**TASK TO CARRY OUT**
Once you find the line with "Jucciaco Seal Cartoon" in the entries below, print it and each line after it up to and including the line with "LuxStep Outdoor Rug", exactly, without pictures.

**EXERCISE INPUTS**
>>>>>

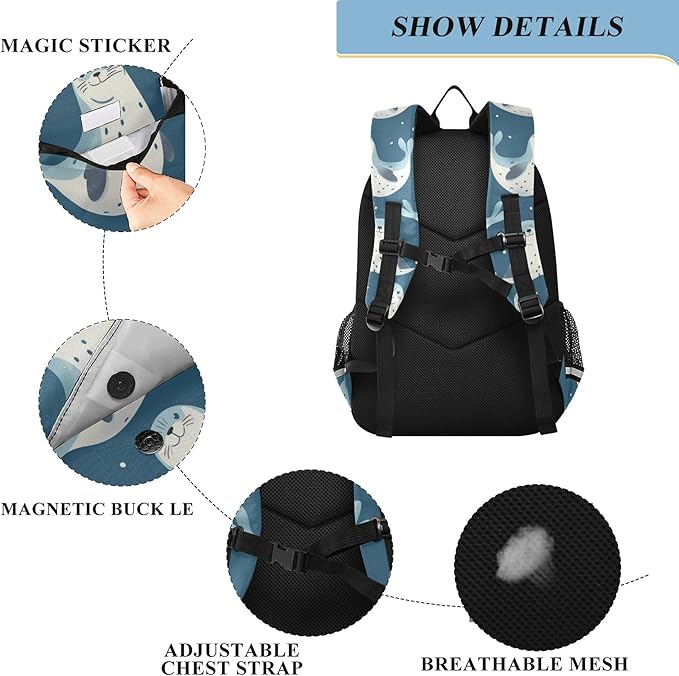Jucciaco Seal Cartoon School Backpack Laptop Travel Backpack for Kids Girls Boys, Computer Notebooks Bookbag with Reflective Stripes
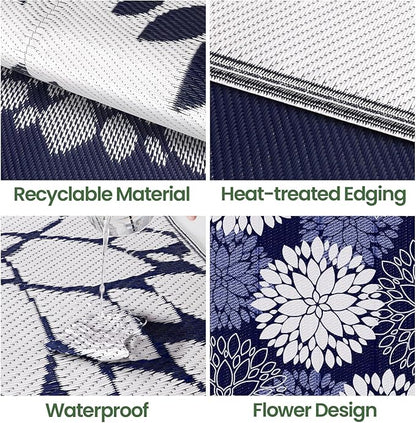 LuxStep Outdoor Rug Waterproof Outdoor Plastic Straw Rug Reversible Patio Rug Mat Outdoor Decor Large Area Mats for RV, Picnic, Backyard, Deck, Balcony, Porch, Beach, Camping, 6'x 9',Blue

<<<<<
>>>>>

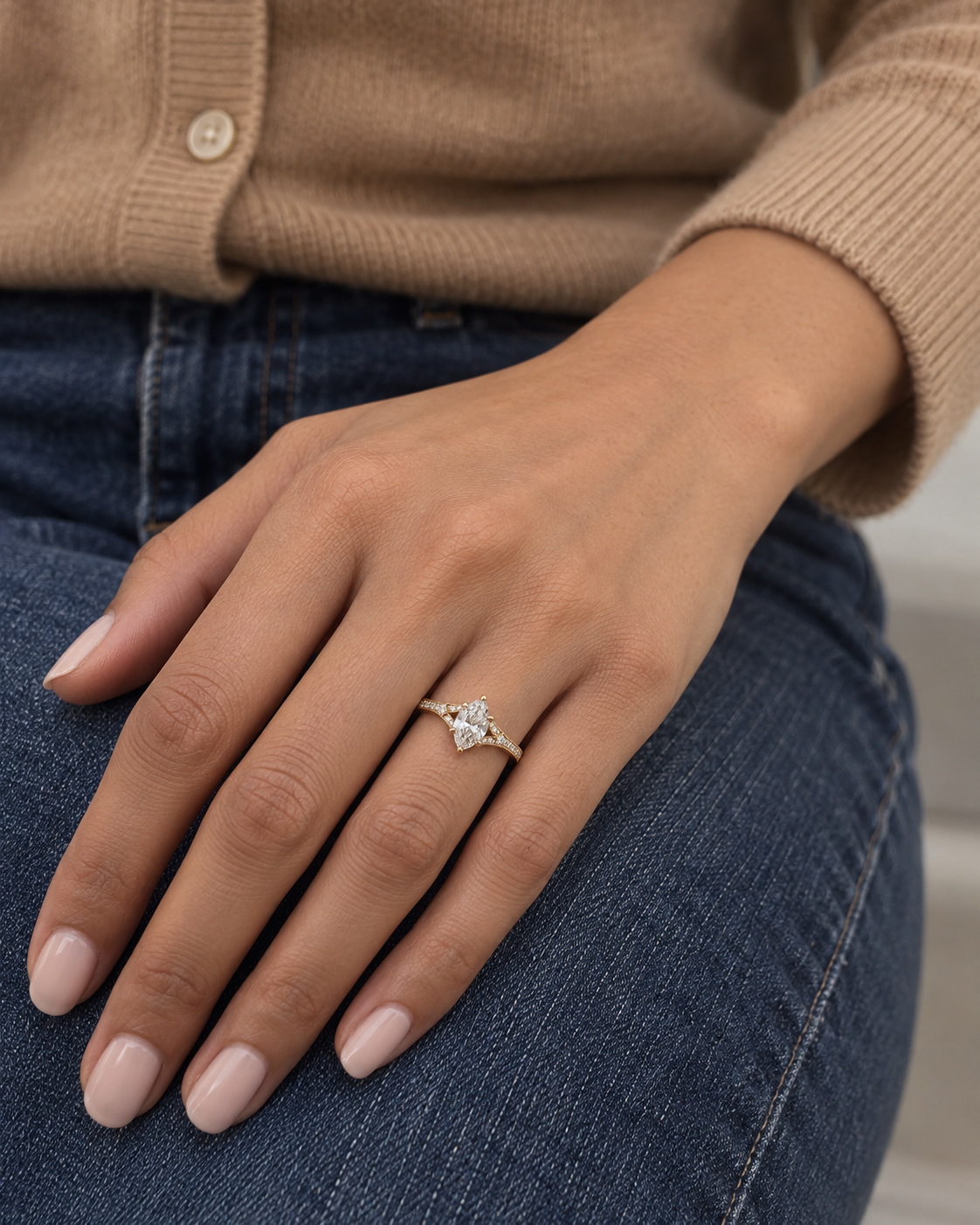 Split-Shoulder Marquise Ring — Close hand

<<<<<

**RESULT**
Jucciaco Seal Cartoon School Backpack Laptop Travel Backpack for Kids Girls Boys, Computer Notebooks Bookbag with Reflective Stripes
 LuxStep Outdoor Rug Waterproof Outdoor Plastic Straw Rug Reversible Patio Rug Mat Outdoor Decor Large Area Mats for RV, Picnic, Backyard, Deck, Balcony, Porch, Beach, Camping, 6'x 9',Blue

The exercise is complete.